For opinions on what the new ship should look like, the Academy turned to an unlikely focus group — Elizabeth Hayes’s fourth grade class at Wareham Elementary School.
On Monday, Feb. 13, fourth graders wrote letters to Captain Michael Campbell about what they felt should be included in the TS Kennedy’s replacement.
Kallie Alsheimer said that crew members should have bigger sleeping quarters.
“They are probably wanting to go home to a big bed,” Kallie wrote. “I think [their beds] would be uncomfortable to sleep on. And I don’t like small spaces so I wouldn’t like it there.”
Brenna Cardoza said that the new ship should have a movie theater.
Ricardo Clermont said that it should have a frozen yogurt machine.
The letters marked the end of Follow the Voyage, a nautical learning unit for the Elementary School’s STEAM (Science, Technology, Engineering, Art and Mathematics) students.
The students learned about the Academy’s Sea Term, in which students sail around the world on a training ship to experience life at sea.
“The kids get to learn about everything ocean, sea and maritime-related,” Hayes said.
Many Elementary School staff members have relatives on the TS Kennedy.
At the beginning of each class, students received updates about the ship as it made its way to Puerto Rico, Barbados, Aruba and the U.S. Virgin Islands.
Captain Campbell sent a daily letter to the entire student body. His captain's log from each day was incorporated into that day’s class.
“It’s been very cool,” said third grader Joshua Robbins, “seeing and hearing about what they’re doing.”
Third grader Catie Lariviere learned one very important lesson from the classes.
“Don’t look over the boat because you might fall in,” she said. “I did that before, and I fell in the water and I almost drowned.”
“You almost drowned?” Asked third grader Rylee Mullen.
“I was three years old back then!” Catie replied.
Groups of third and fourth graders learned the science of shipbuilding by designing and building miniature lifeboats. The tin foil, egg carton, paper cup and popsicle stick lifeboats had to fit 75 “passengers” (actually tiny building blocks) without capsizing.
Hayes explained that the project teaches communication, teamwork and mathematical principles.
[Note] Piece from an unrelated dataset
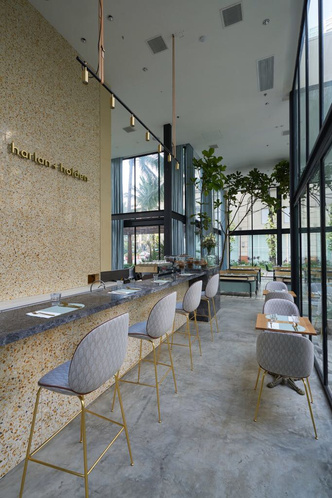 Дом из стекла: ресторан по дизайну Gamfratesi в Маниле (фото 3.2)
Catie’s group made their lifeboat look like a spider, because, as she explained, “everyone knows sharks are afraid of spiders.”
“No they’re not!” Rylee said.
“Yes they are,” Catie insisted.
Some students said that the Follow the Voyage program made them want to spend time at sea, while others preferred to remain landlubbers.
“I think I would get seasick,” Brenna said.
The students also participated in a canned food drive for Damien’s Place Family Food Pantry. Students were asked to collect 132 cans, in honor of the Massachusetts Maritime Academy’s 132nd anniversary, but they collected a grand total of 757.